PROBLEM STATEMENT
Write out every entry, unchanged. Skip any picture.

------

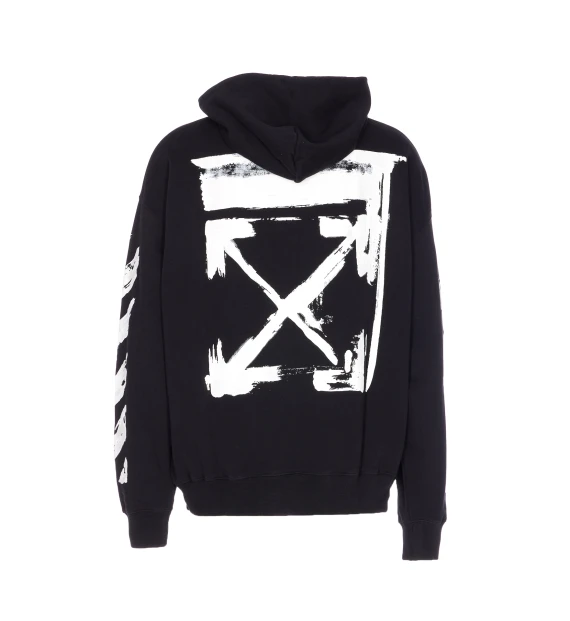 ink arrow skate hoodie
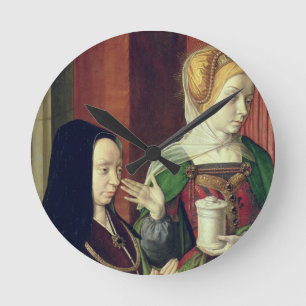 Horloge Ronde Madeleine of Bourgogne presented by St. Mary Magda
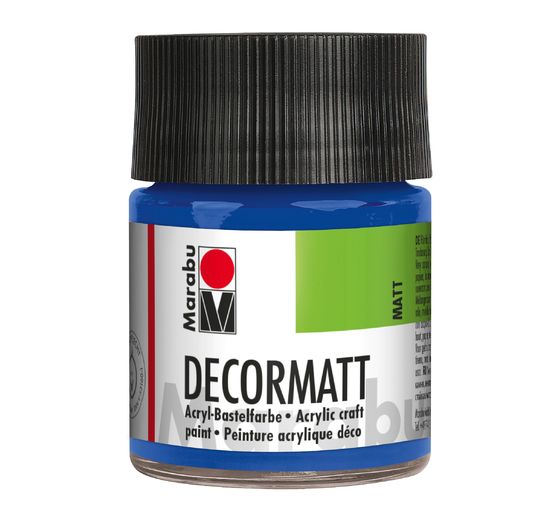 Marabu Decormatt, 50ml
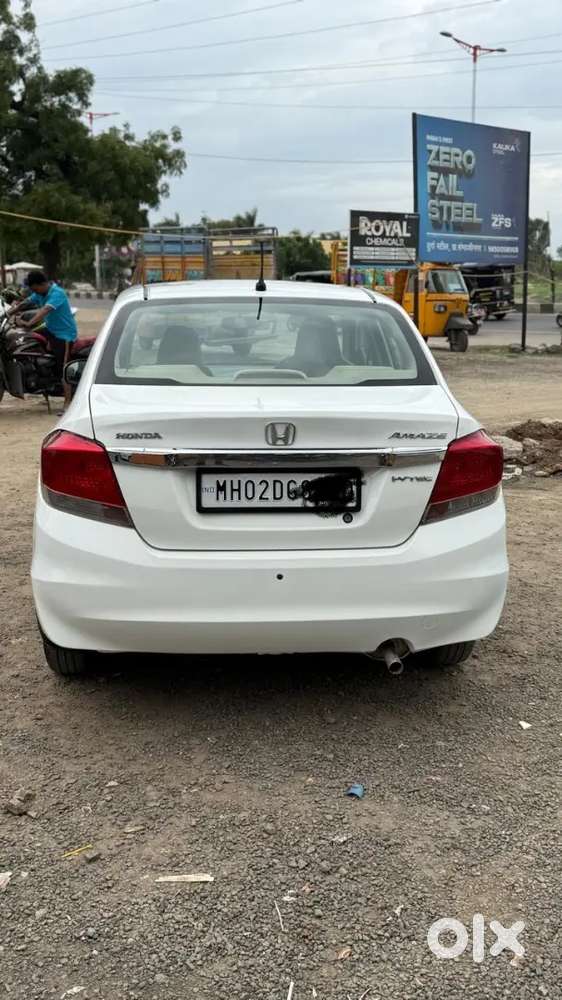 Honda Amaze 1.2 Ace 2014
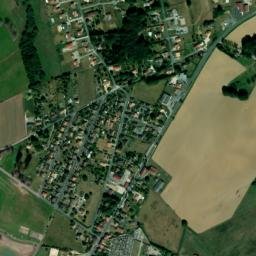 Séreilhac map(satellite map)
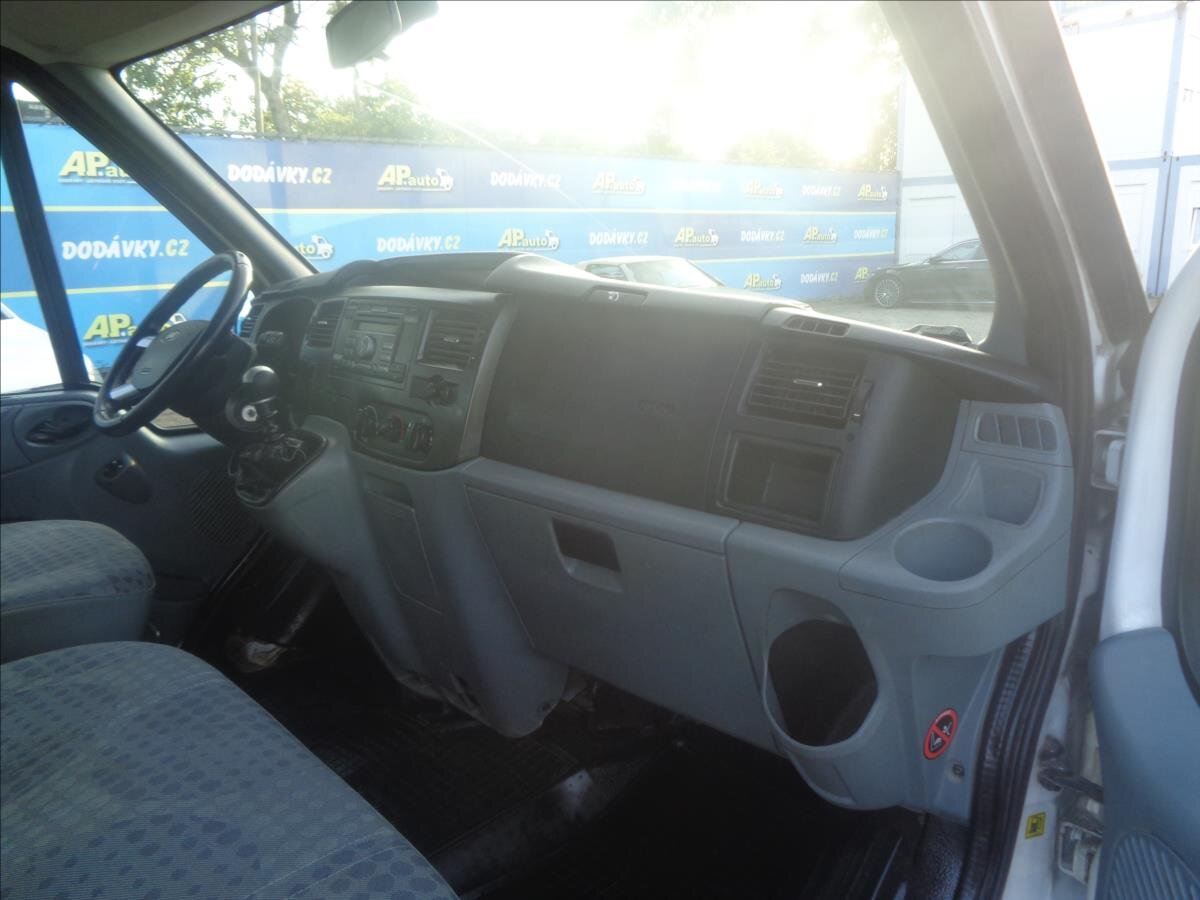 Ford Transit Ostatní 2,2 l 92 kw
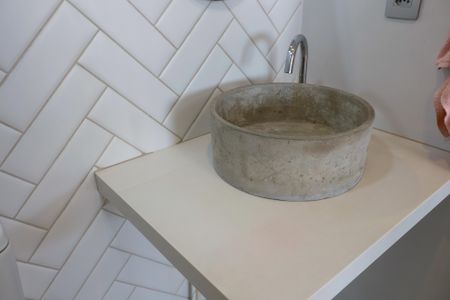 Apartamento para alugar com 66m², 2 quartos e 1 vaga Apartamento para alugar com 66m², 2 quartos e 1 vagaBanheiro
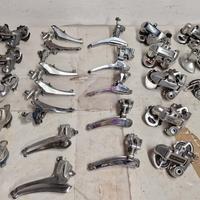 Cambi e deragliatori bdc Campagnolo Shimano Miche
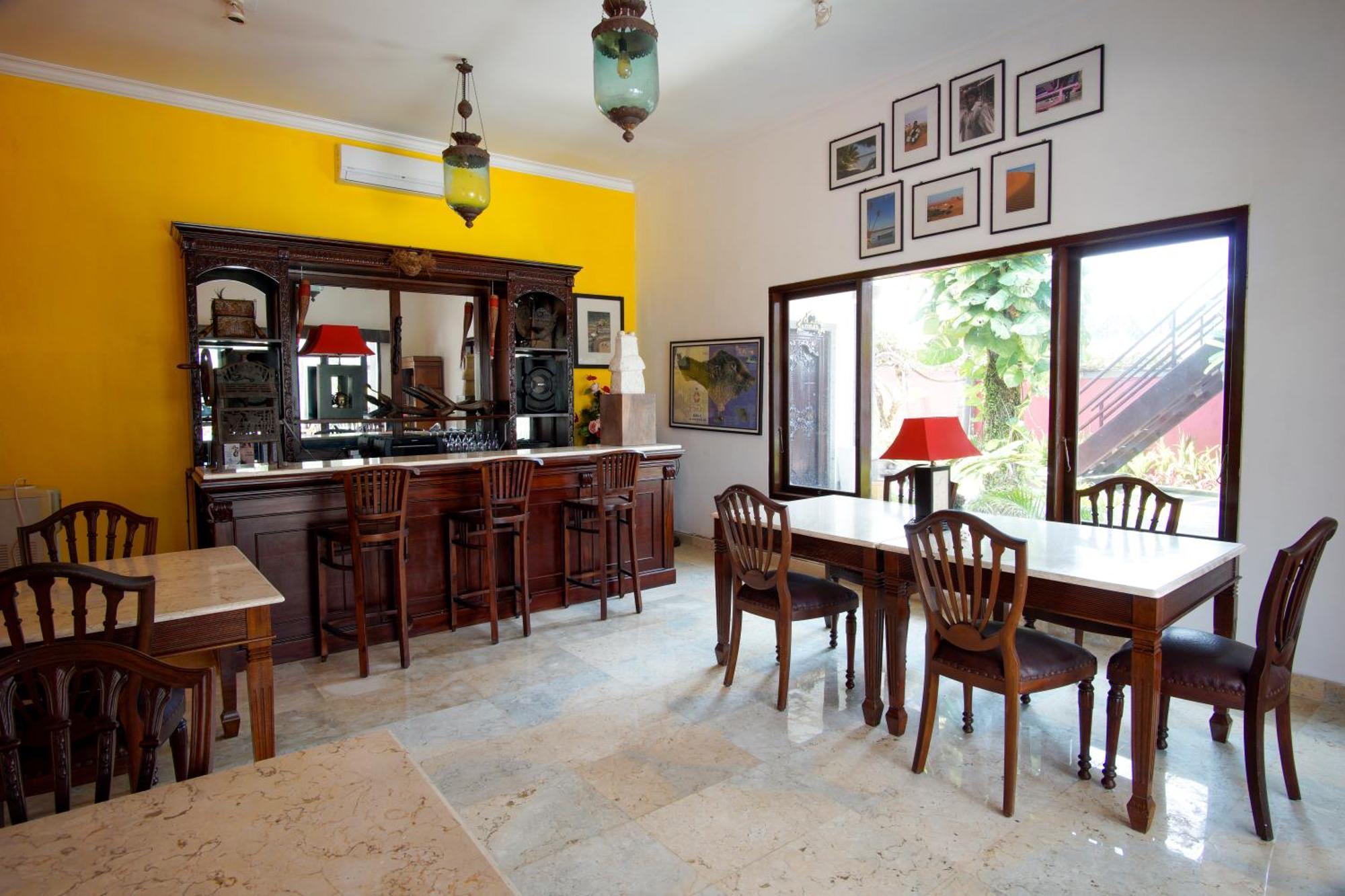 Mengwi Balam Bali Villa מראה חיצוני תמונה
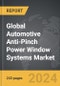Automotive Anti-Pinch Power Window Systems: Global Strategic Business Report - Product Image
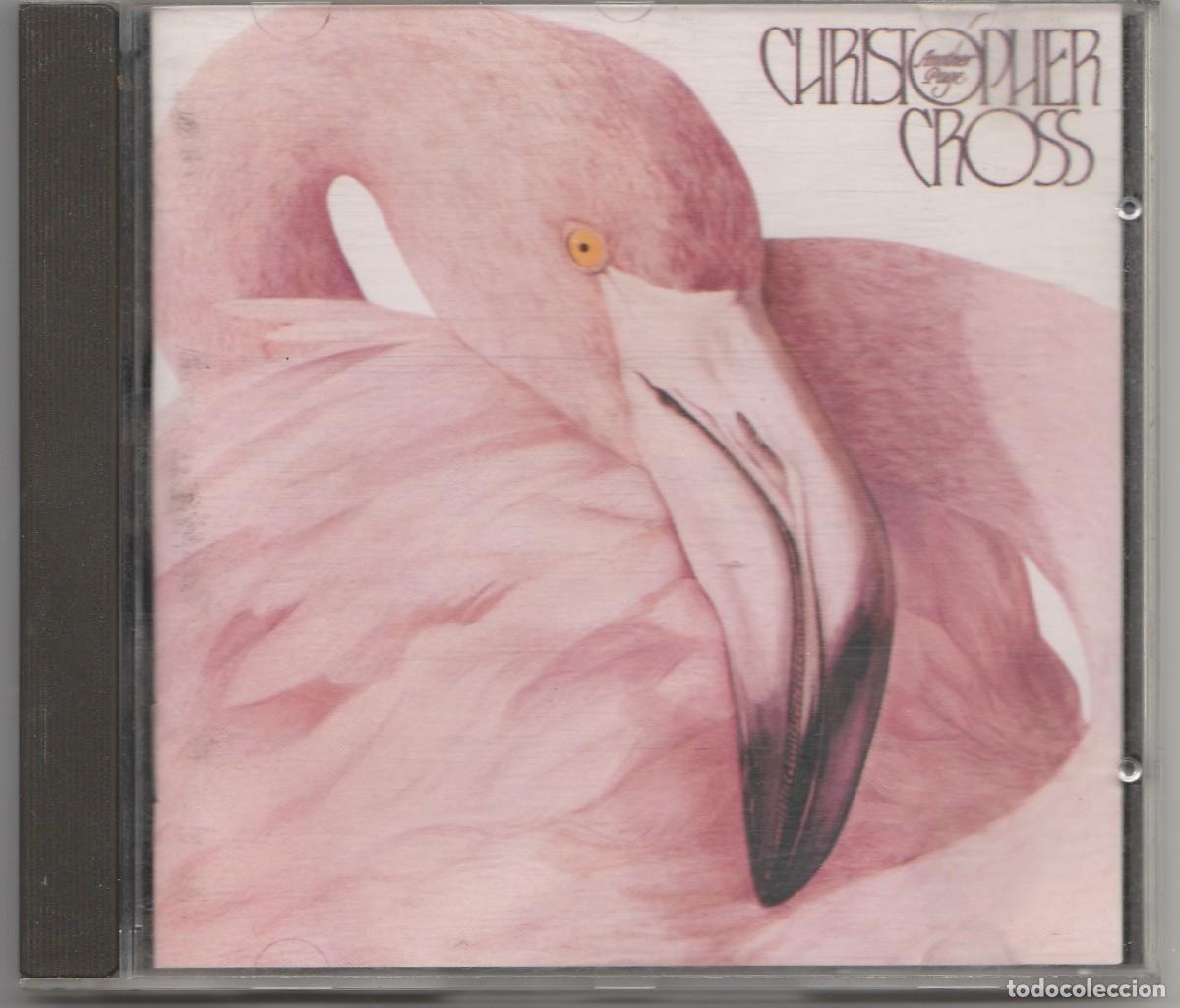 CDs de m&uacute;sica: CD CHIRSTOPHER CROSS - ANOTHER PAGE - Foto 1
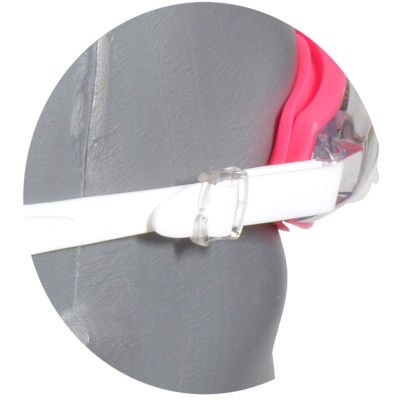 Syze noti Enero Swimming Goggles Pink PP, për rrit, rozë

------

ANSWER TO THE EXERCISE
 ink arrow skate hoodie
 Horloge Ronde Madeleine of Bourgogne presented by St. Mary Magda
 Marabu Decormatt, 50ml
 Honda Amaze 1.2 Ace 2014
 Séreilhac map(satellite map)
 Ford Transit Ostatní 2,2 l 92 kw
 Apartamento para alugar com 66m², 2 quartos e 1 vaga Apartamento para alugar com 66m², 2 quartos e 1 vagaBanheiro
 Cambi e deragliatori bdc Campagnolo Shimano Miche
 Mengwi Balam Bali Villa מראה חיצוני תמונה
Automotive Anti-Pinch Power Window Systems: Global Strategic Business Report - Product Image
 CDs de m&uacute;sica: CD CHIRSTOPHER CROSS - ANOTHER PAGE - Foto 1
 Syze noti Enero Swimming Goggles Pink PP, për rrit, rozë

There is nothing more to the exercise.